The key to running a morally and socially bankrupt society is to ensure that you have certain people and institutions that keep people in their place.
People like me find a space in newspapers like the Guardian, because it fits their profile to appear to fair and balanced.
Yet I’ve had several occasions during my time as a columnist when I have had my right to fair comment compromised or threatened.
I had a public spat at a media briefing organized by ALCOA with Anthony Wilson who accused me of being unethical for writing about the smelter issue while I was involved as an activist.
And then in 2009 when Obama was coming for the Fifth Summit of the Americas, I got a call from the then Public Affairs editor Arthur Dash saying that he had been advised to let me know that there was no space for my column the following day.
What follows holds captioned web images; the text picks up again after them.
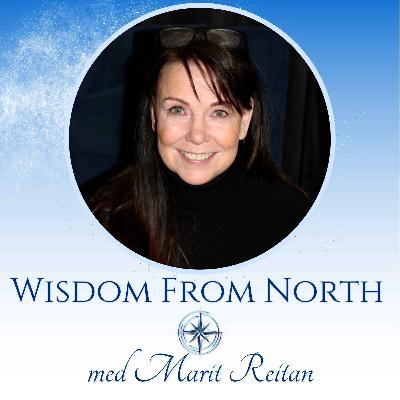 #80 Slik finner du kompasset i deg selv! Om Bevissthetskiftet, kriser, kraft & indre visdom | Marit Reitan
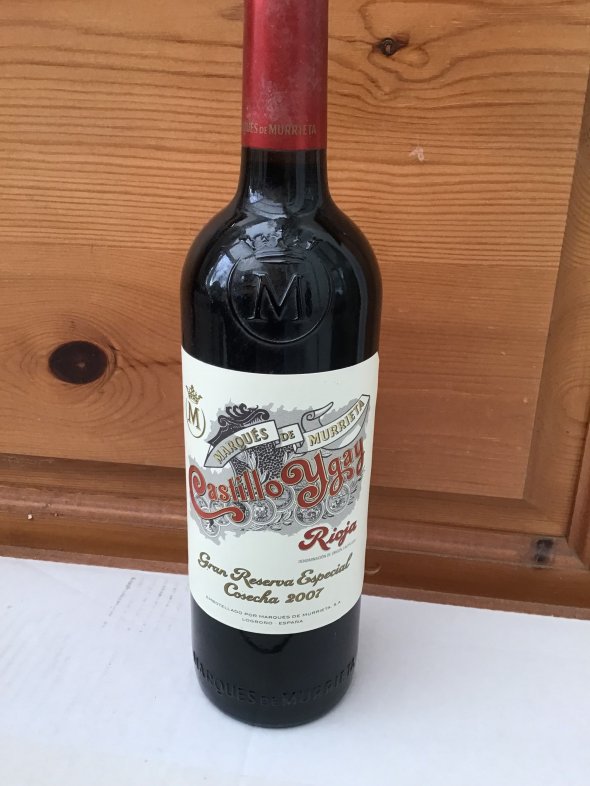 Marques de Murrieta, Castillo Ygay Gran Reserva Especial, Rioja
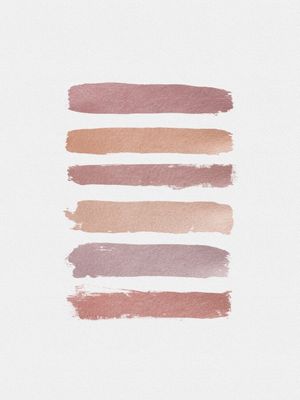 DUSTY ROSE STRIPES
It was only after I made a scene on social media that they miraculously found space for my column again.
I’ve kept my column because I feel like I have things to say about Trinidad, about who we are and who we hope to become.
Few of us have a clear agenda. And that’s okay because it’s only through open discussion and constructive criticism that we’ll start to refine what that agenda is.
But I’m not sure all the voices in the conversation are focused on creating a better country.
The media needs a lot of scrutiny. As much if not more than the government.
A free press and a functional government go hand in hand and it is becoming more and more obvious that we have neither.
And MATT is not the watchdog it should be. If it was, this country would have been shut down the moment Sheila Rampersad, Denyse Renne and Anika Sandiford-Gumbs decided to pick up their jahaaji bundle and ride out. Or when Fazeer Mohammed got removed from First Up. Or when Uncle Jack threatened Denyse Renne and Asha Javeed.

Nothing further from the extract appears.